I had a few spots of ground-in dirt on the cool embossed front panel. I hit the spots with some Simple Green on an old toothbrush, then got the remaining dirt out with toothpicks.

A little effort yields big results. Well, maybe medium-sized results.

The finished generator. The glass is so shiny now that it reflected me with my trusty Canon camera!


Triplett 3434a Sweep Signal Generator Restoration - Pt. 2

I'm going to recap the Triplett signal generator. The filter caps are in one of the Mallory cans typical of this period (1960s I believe).

So I need to remove the large blobs of solder that are on the chassis and the can's mounting tabs.

For that job, I use my 175-watt Weller soldering iron, aka 'Big Bertha.' And some soldering wick.

I do clean and tin the iron for every use, but it still gets dull in between uses. So I clean it with a soldering cleaning block and tin it.

Over the years, I've used a variety of tools to cut open filter cans - hacksaw blades, kitchen knives - but now I think I've found the best tool for the job.

This is a flush-cut saw I got from Stew-Mac. It's designed for cutting braces, dowels and other similar things on guitars. It has a very thin kerf (I measured it at .012 in or .30 mm), which is ideal.

Mine is an older model - they now have a newer one which is probably even better.

Here I am cutting the can.

The saw is very sharp and made quick work of the thin aluminum can.

I forget how easily these things dent.

I've written before about this process, so this time I'm just showing the highlights. You can search to find more.

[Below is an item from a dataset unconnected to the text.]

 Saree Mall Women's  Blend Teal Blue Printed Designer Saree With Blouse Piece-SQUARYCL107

But it really isn't rocket surgery.

Usually the innards of the can are dried up and just slide right out.

But this one was still together and took more work. I wound up using a screw extractor and it came right out.

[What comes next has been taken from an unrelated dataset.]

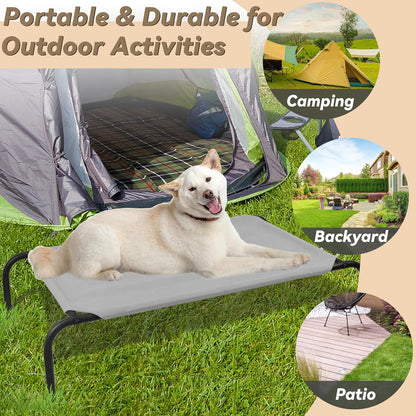 Elevated Dog Bed for Large Dogs, Raised Dog Bed with Breathable Mesh, Non Slip, Easy to Clean, 50.5 Inches, Grey | Raised Dog Bed with Breathable Mesh, Non Slip, Easy to Clean, 50.5 Inches, Grey4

Here's the extractor. This one is 1/2 inch (about 12 mm). The threads are left-hand.

Drill a pilot hole into your broken fastener, then drive this into it and turn. Since the threads are left-hand, it will turn the fastener (or can capacitor innards...) to the left as you drive it in.

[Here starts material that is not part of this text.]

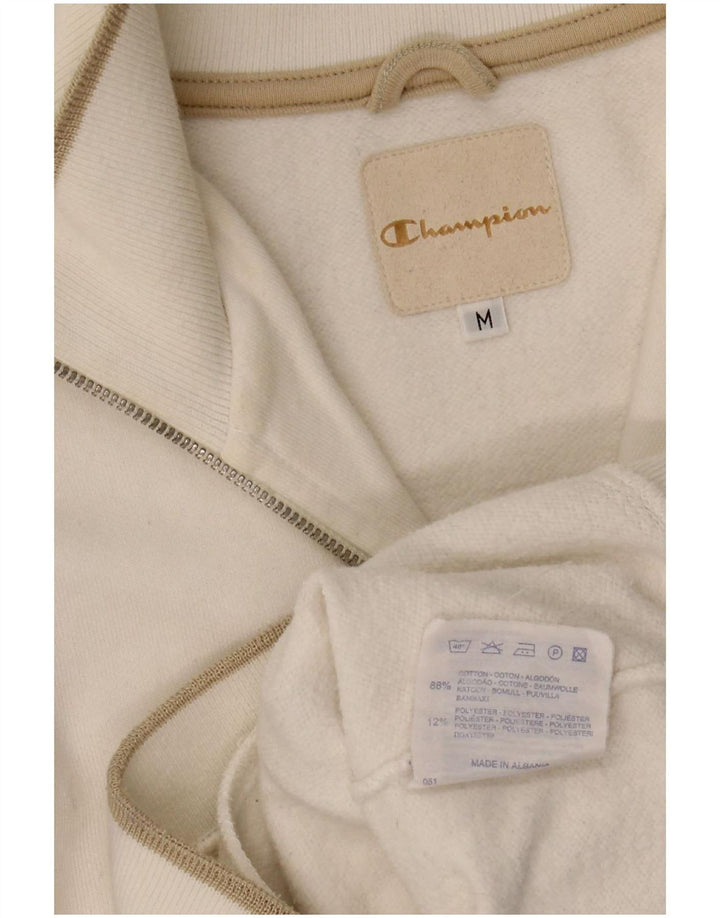 Champion Damen-Sweatshirt mit Reißverschluss am Hals, UK 14, mittelweiße Baumwolle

If you work on old British cars, you will need this eventually.

You can see how the innards came right out.

It's a capacitor on a stick!

With the can empty, we can put modern caps on the base, and run wires down through holes in the base. Then solder to the appropriate terminals.

A lot of people won't do this. I like it because it's easy, sort of fun and keeps the original look from the outside. In a lot of gear, there just isn't enough room to put discrete caps under the chassis. And even if you can, it generally winds up looking sloppy.

Sure, you can buy new production cans. But if you keep a decent stock of electrolytic caps on hand as I do, it's easy to take 15 minutes to get the can out, open it and put new caps in. Better than ordering an expensive can and waiting a week for it to show up, too.

Just my opinion. Once you do one, it's like eating peanuts. You can't stop.

Then we use epoxy and put the can back together.

You can also paint over the seam if you want to make it look more original. I did not, but I should have. Doh.

Here's the can reinstalled.

Nice solder blobs, huh?

Bertha does great, but boy, when you are holding that iron upright like I was here with your hand and head over it, it gets really hot!

I put a note on it to indicate it was serviced.

Aside from the filter cap, there are only 4 other caps to replace. They're all in the audio frequency circuit - it generates a fixed 600 Hz signal.

Here are 3 of them - the new caps are yellow modern poly. They replaced old paper foil caps.

The fourth is an electrolytic on a terminal strip.

I also straightened out that dent where the sweep output jack is.

Turns out the aluminum panel is so soft that I could bend it by putting a connector on the jack and just moving it sideways.

The dent probably happened the same way in reverse - a cable was plugged in and took a hit and the panel got bent.

I still needed a few taps with a hammer to get the panel perfectly aligned.

Next I'll put a proper 3-prong grounded AC cord on.